Поселение сохранило остатки не менее чем семи землянок. Раскопаны три из них, причем две удалось исследовать только частично, а третья, сохранившаяся почти полностью, еще не закончена раскопкой. Это большие землянки, шириной 12—13 м, длиной более 15 м, глубиной около 1 м. Все три землянки покинуты их обитателями внезапно, на что указывает большое количество оставшихся на полу разных предметов домашнего хозяйства, прежде всего глиняной посуды. Горшки разной формы и размеров находились иногда раздавленными там, где они были оставлены, иногда же отдельные части их оказывались раскиданными по дну землянки. Более крупные сосуды имели обычно форму банки со вздутыми боками, суживающимися ко дну. Меньшие представляли собой полусферические чашки с выпуклым дном. Характерен орнамент из рядов бугорков, чередующихся с ямками, а затем ряды оттисков гребенки и разные пережиточные формы фестонов, ромбов и других геометрических орнаментов, генетически связанных с карасукскими верхнеобского типа.

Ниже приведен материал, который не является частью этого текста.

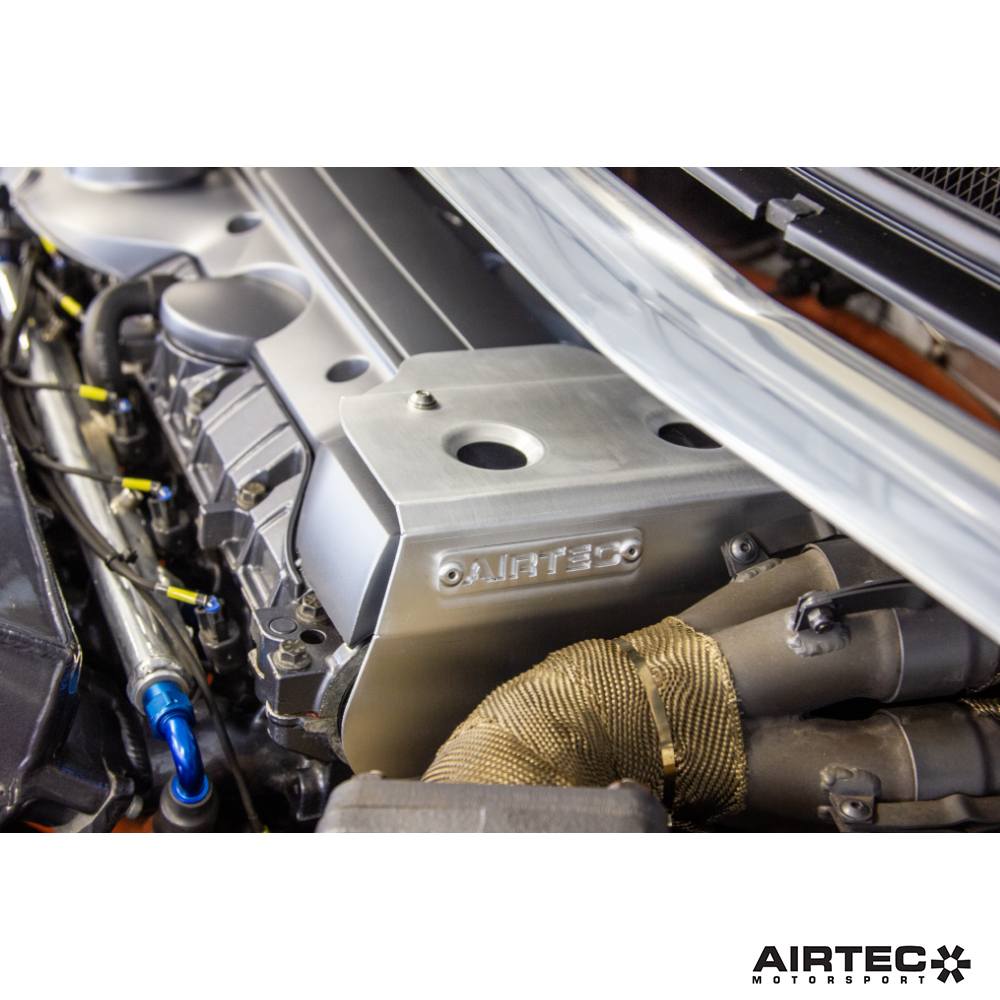 Airtec ATMSFO182 Motorsport Sidewinder Manifold Heat Shield for Focus ST / RS MK2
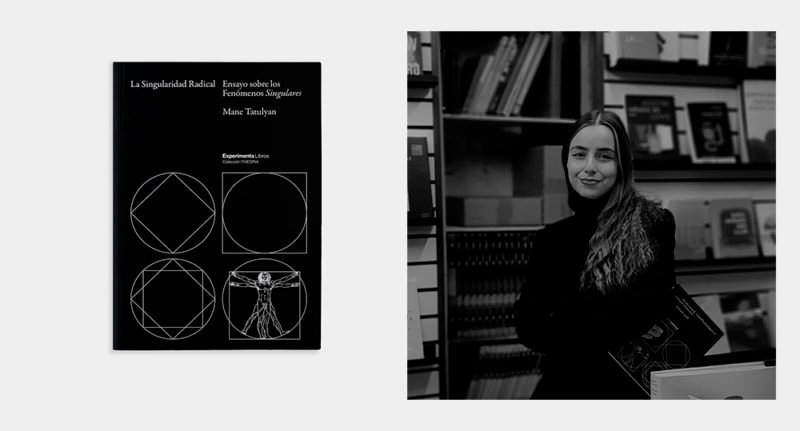 La Singularidad radical, de Mane Tatulyan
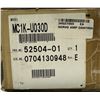 Image 7 : Sanyo Denki #MC1K-U030D Controller Servo Amplifier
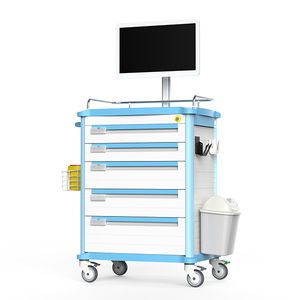 medizinisch Computerwagen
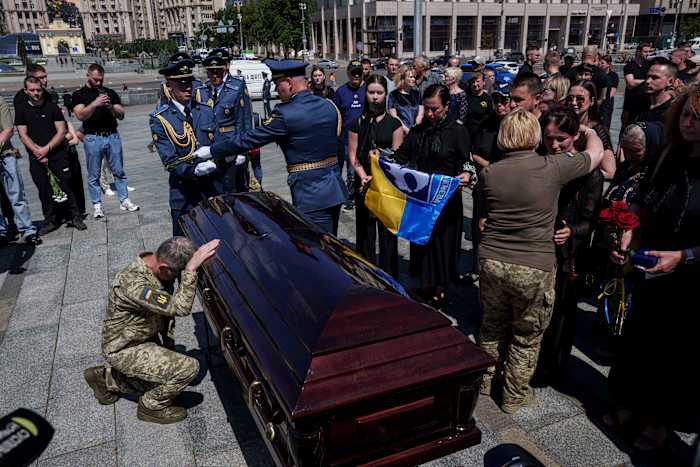 Hoe Oekraïne de Amerikaanse pauze op cruciale slagveldwapens kan omgaan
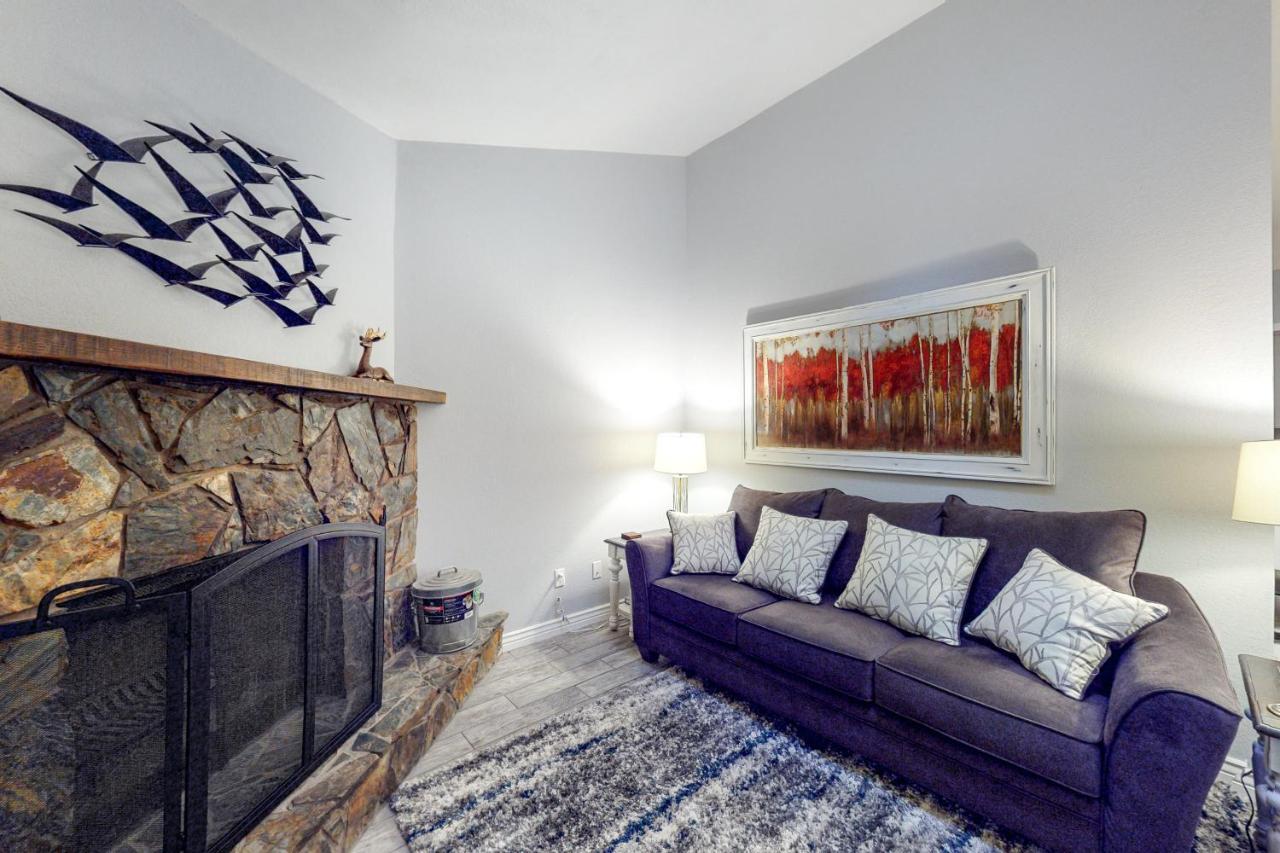 Cozy Mountain Townhome Flagstaff Bagian luar foto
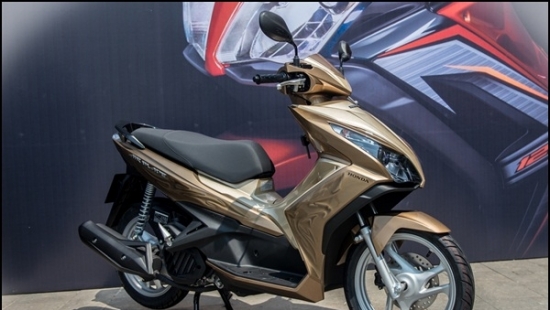 Giá xe Honda Airblade mới nhất 2014 tất cả các phiên bản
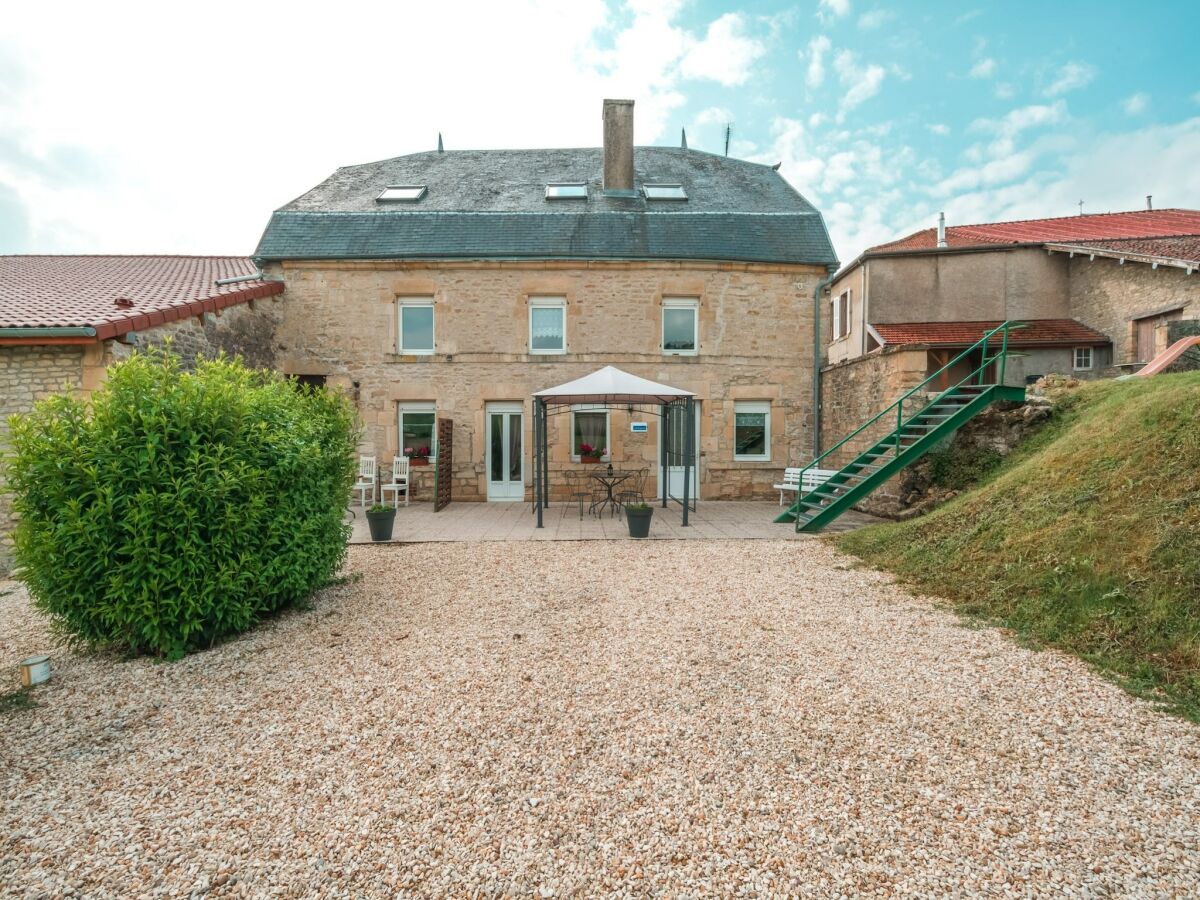 Holiday house Cottage in Nouart Countryside - Outdoor photo 2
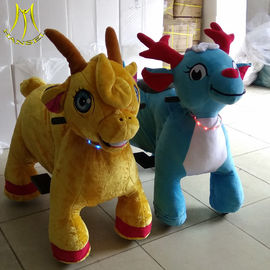 Hansel   plush toys for amusement park stuffed animals for commercial proveedor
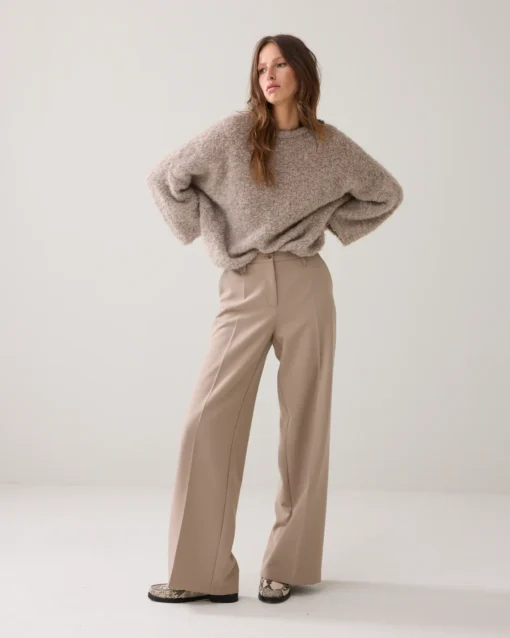 Summum 4s2369 Trousers foam uni funghi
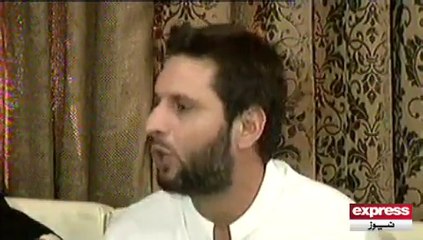 Shahid Afridi T20 retirement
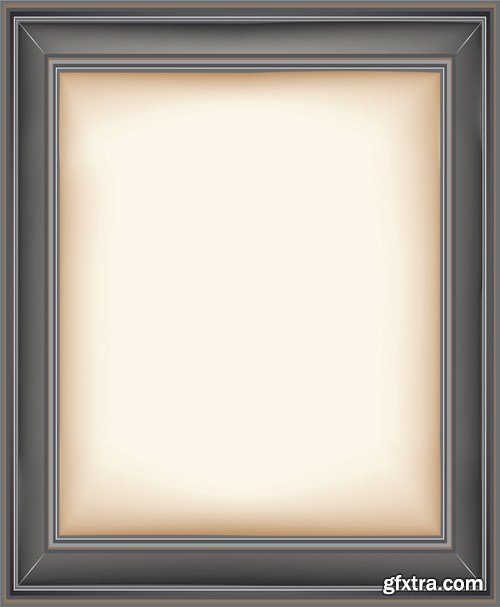 Frame Collection - 25 Vector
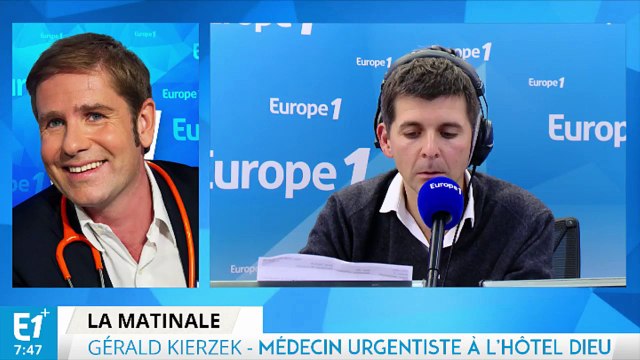 Avec la grippe, les urgences saturées : c'est la chute d'un système de santé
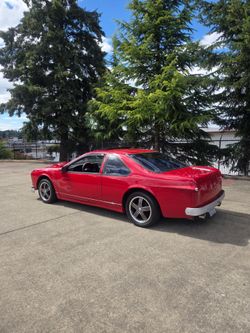 1992 Ford Thunderbird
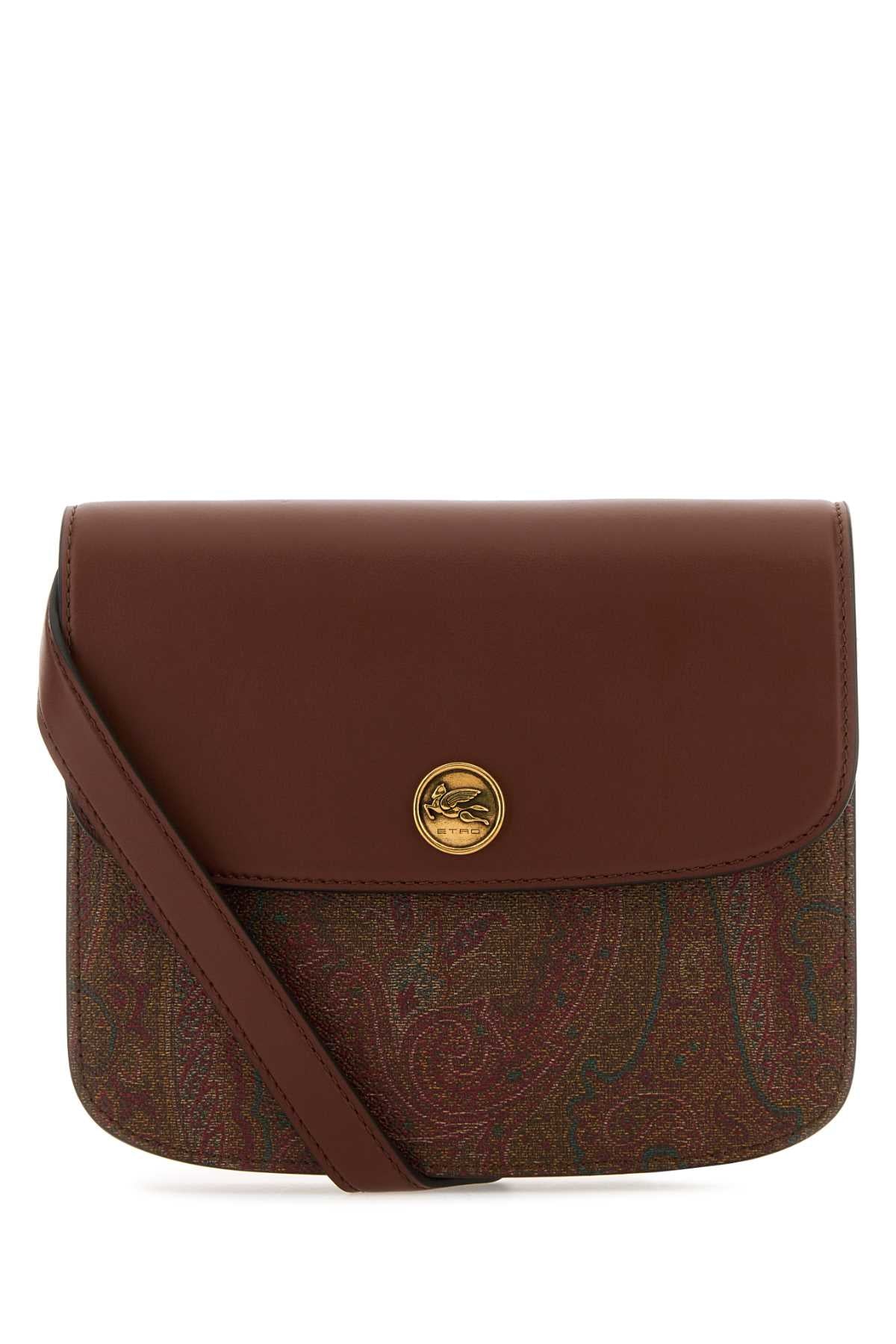 Printed Canvas Essential S Crossbody Bag M0021 Borse A Tracolla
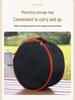 Seven-Head High-Power Dual-Use Outdoor Camping Gas & Coal Stove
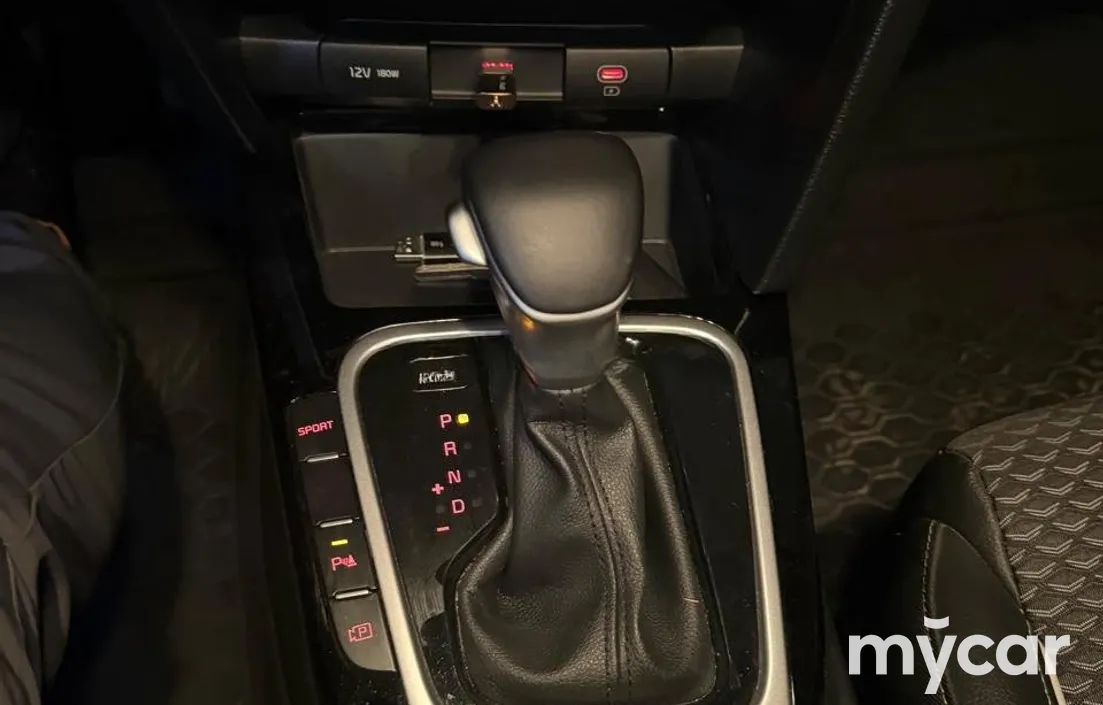 Kia Ceed 2024
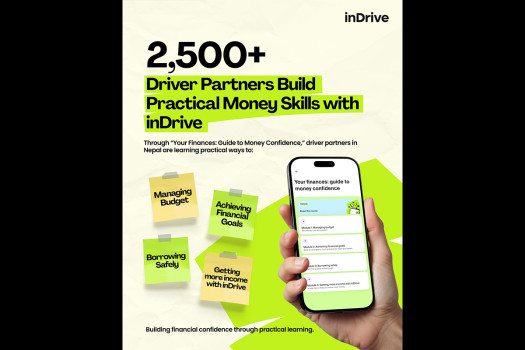 inDrive financial literacy course helps over 2,500 driver partners build practical money management skills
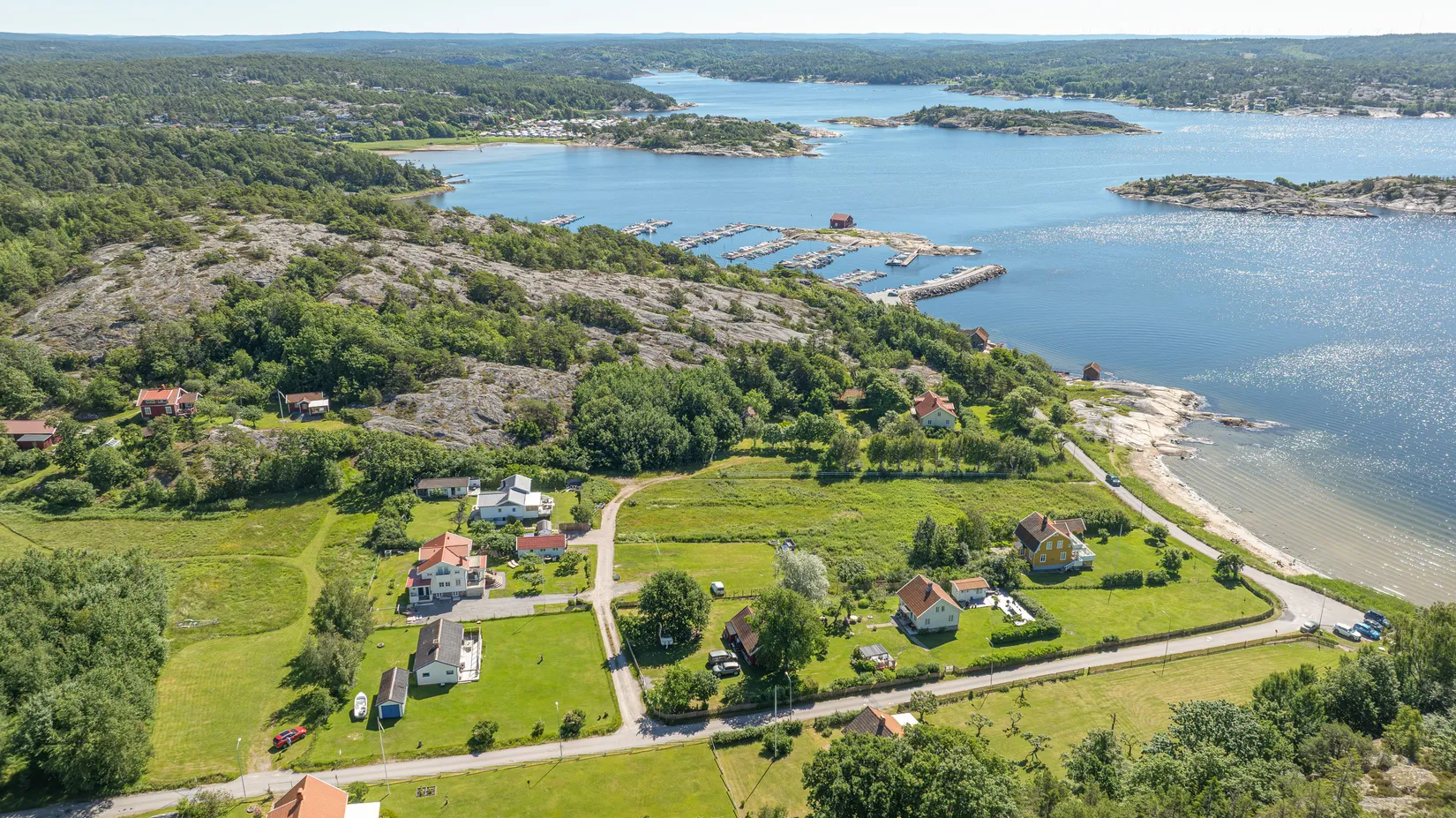 Fritidshus, Stensviksvägen 89, Lökholmen, Strömstad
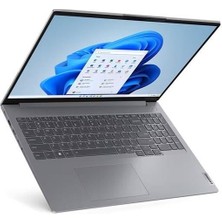 Lenovo 16" Thınkbook 16 G6 21KK000WTR-03 Ryzen 7 7730U-32GB Ram-1tb Nvme-Fdos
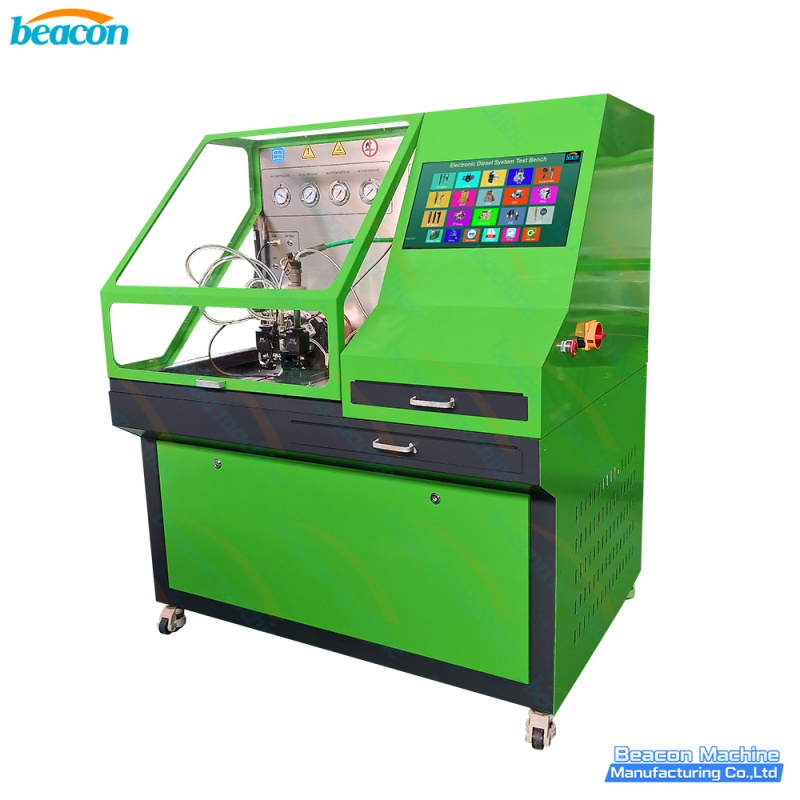 {CR301 Common Rail Injector Test Bench Solenoid & Piezo Tester for Bosch Denso Delphi}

Среди многочисленных находок в землянках интересны каменные зернотерки, костяные трепала и гребешки для обработки растительного волокна. Несомненно, что это земледельческое поселение. Остатки костей домашних и диких животных, а также чешуи и костей рыб говорят о том, что в хозяйстве населения, наряду с земледелием и скотоводством, крупную роль играли охота и рыбная ловля. Немногочисленные находки бронзовых предметов (ножи и некоторые другие), при полном отсутствии железных, указывают, как и материалы могильника, что большереченская культура принадлежит еще бронзовому веку.
Памятники большереченской культуры пока немногочисленны. Можно указать лишь поселения на дюне близ Быстрянского кордона (60 км к западу от гор. Бийока), 6 курганный могильник Березовка I 7 и Томский могильник, основная группа погребений которого чрезвычайно сходна с нашими большереченскими. Близкие аналогии большереченской культуры можно видеть в памятниках майэмирского этапа на Алтае и в самых ранних курганах минусинской курганной культуры; однако керамика, обряд погребения и бронза района Верхней Оби настолько отличны и характерны, что указывают на принадлежность их к другой этнической группе, другой культуре, которую мы назвали большереченской.
Бийская культура (V — III вв. до н. э.). Остатки поселения в пункте БЕ XI, повидимому целиком развеянного в своей основной части, исследованы нами на площади в 40 м 2. Культурный слой очень беден. Интересна лишь открытая здесь небольшая яма с обломками глиняных литейных форм и сплесками меди — остатки бронзолитейного производства, да бронзовый пробойник. Небольшое количество черепков глиняной посуды найдено на прилегающих участках соседних дюн (БЕ V и БЕ VII). Кроме того, обломки двух сосудов (из развеянных погребений) подобраны на выдуве в пункте БЕ II. Посуда — тех же форм, что и в поселениях большереченской культуры. Орнамент — те же ряды бугорков, но чередующихся обычно не с ямками, а с угловыми оттисками лопаточки, и затем пояс из серии параллельных линий или косой сетки. Подобная керамика широко распространена в районе Верхней Оби. Лучшая серия ее найдена близ гор. Бийска (около скотобойни). 8 Имеется она и еще в четырех пунктах — Енисейское II, Монастырь (около Бийска), Камышенка I, ст. Алтайская. 9 Подобная же керамика известна с Чертова городища в гор. Новосибирске и из окрестностей гор. Кузнецка.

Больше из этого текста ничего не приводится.